*** Opening TASK INPUTS ***

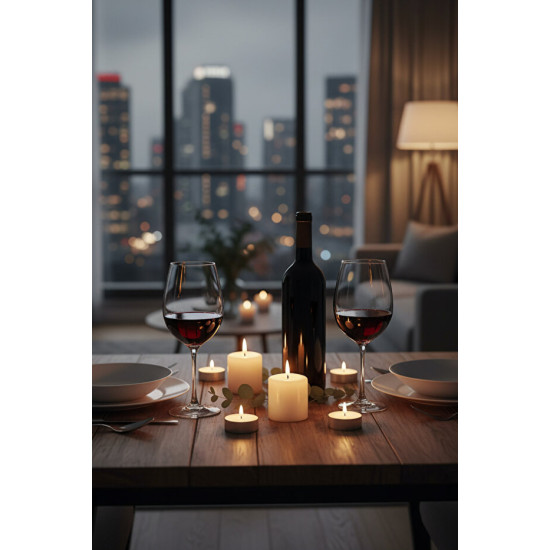 Teali̇ght Yuvarlak Beyaz 50 Li̇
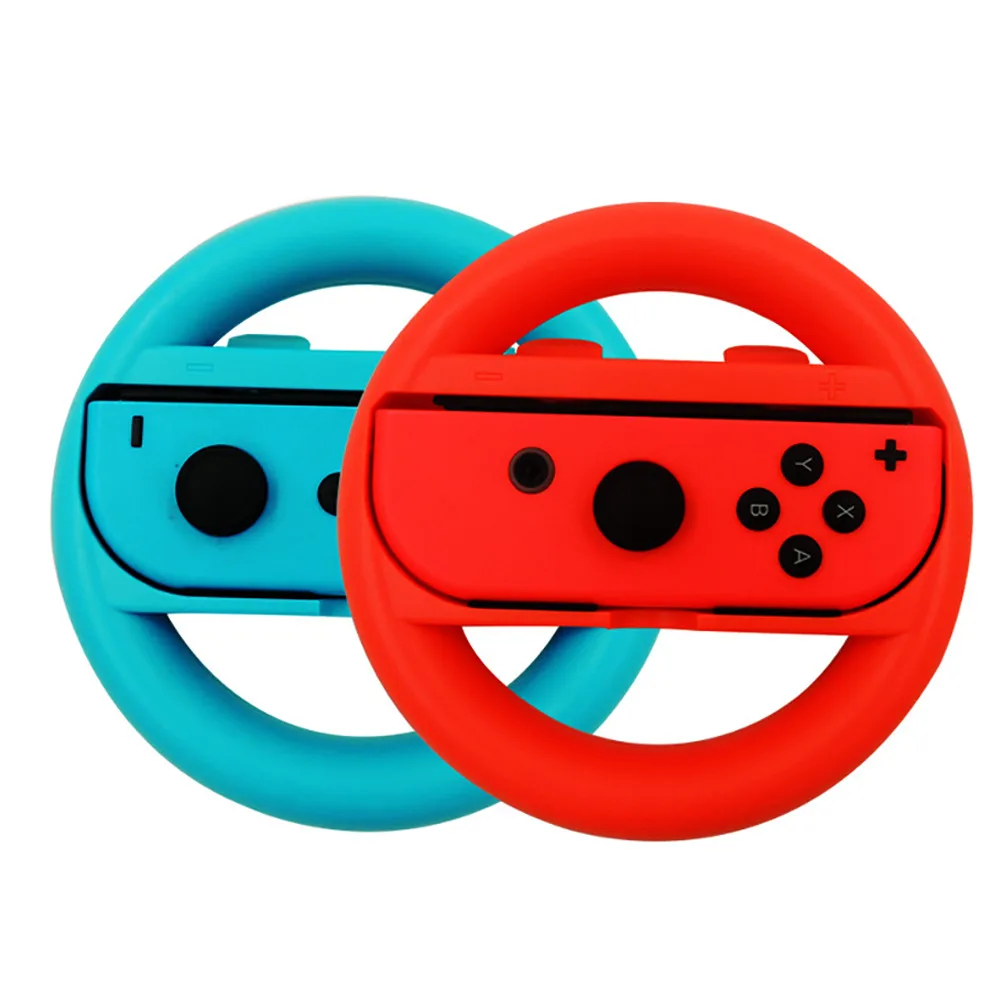 عجلات القيادة لجهاز نينتندو سويتش ووحدة التحكم OLED JoyCons، ملحقات مرفق وحدة تحكم Joycon لعجلات السباق - حزمة مزدوجة #1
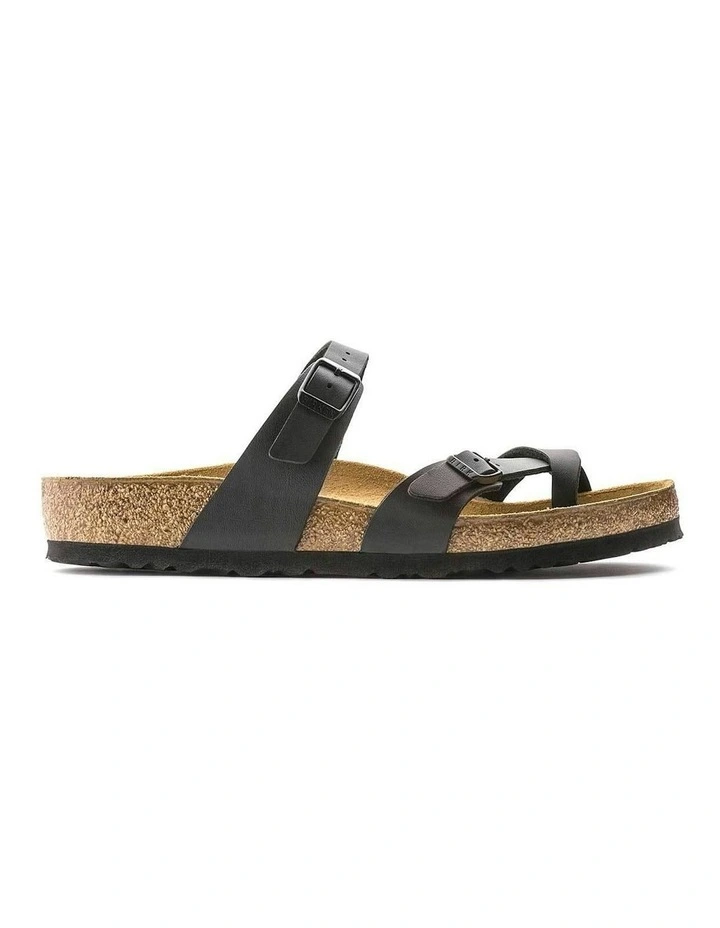 Mayari Birko-Flor Sandals Narrow in Black image 1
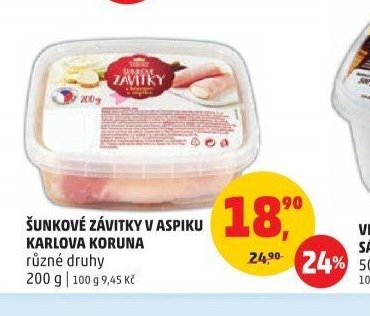 Šunkové závitky v aspiku Karlova Koruna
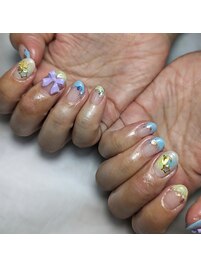 カラフルフレンチネイル♪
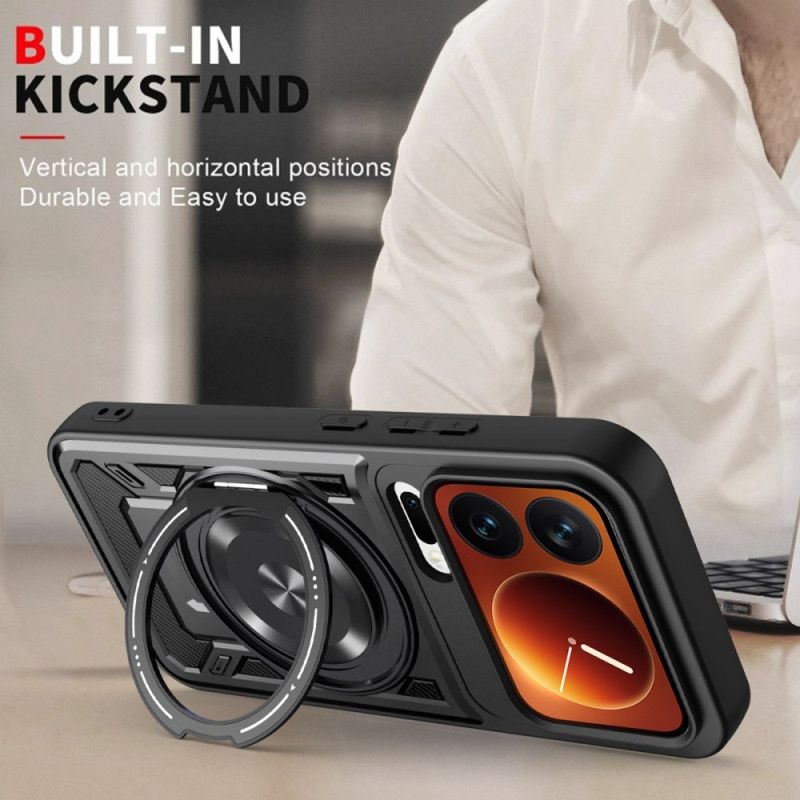 Etui Xiaomi 17 Pro Zapięcie Magnetyczne Z Obrotową Podpórką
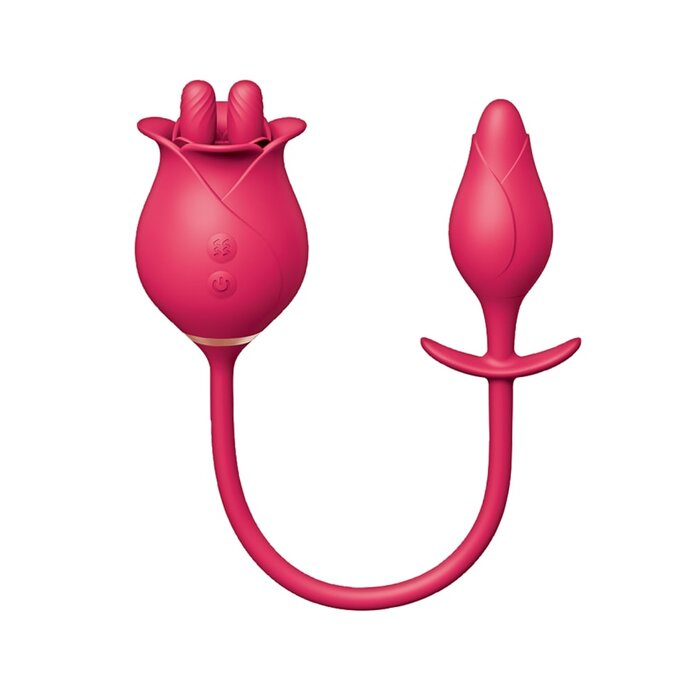 Clit-Tastic Tulip Finger Massager and Pleasure Plug - Red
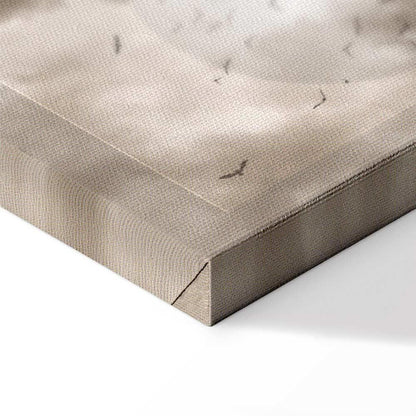 Leinwandbild - Birds in the Clouds (1 Part) Vertical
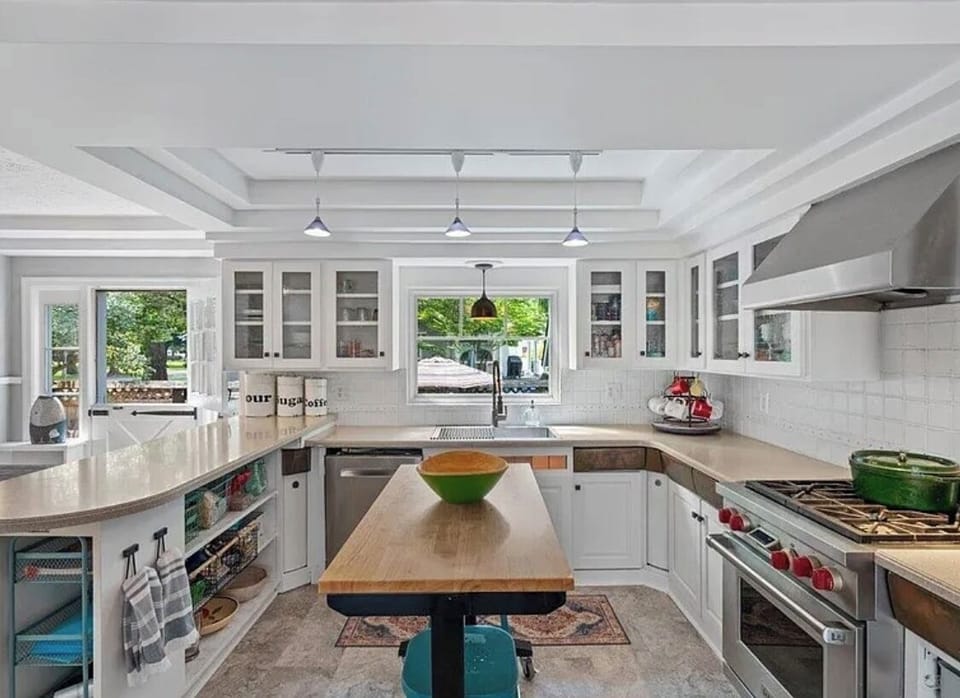 Gorgeous kitchen with high-end appliances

*** Closing TASK INPUTS ***

ABOUT THIS TASK —
All pictures are to be dropped, and the records above returned exactly.

FINISHED EXERCISE —
 Teali̇ght Yuvarlak Beyaz 50 Li̇
 عجلات القيادة لجهاز نينتندو سويتش ووحدة التحكم OLED JoyCons، ملحقات مرفق وحدة تحكم Joycon لعجلات السباق - حزمة مزدوجة #1
 Mayari Birko-Flor Sandals Narrow in Black image 1
 Šunkové závitky v aspiku Karlova Koruna
 カラフルフレンチネイル♪
 Etui Xiaomi 17 Pro Zapięcie Magnetyczne Z Obrotową Podpórką
 Clit-Tastic Tulip Finger Massager and Pleasure Plug - Red
 Leinwandbild - Birds in the Clouds (1 Part) Vertical
 Gorgeous kitchen with high-end appliances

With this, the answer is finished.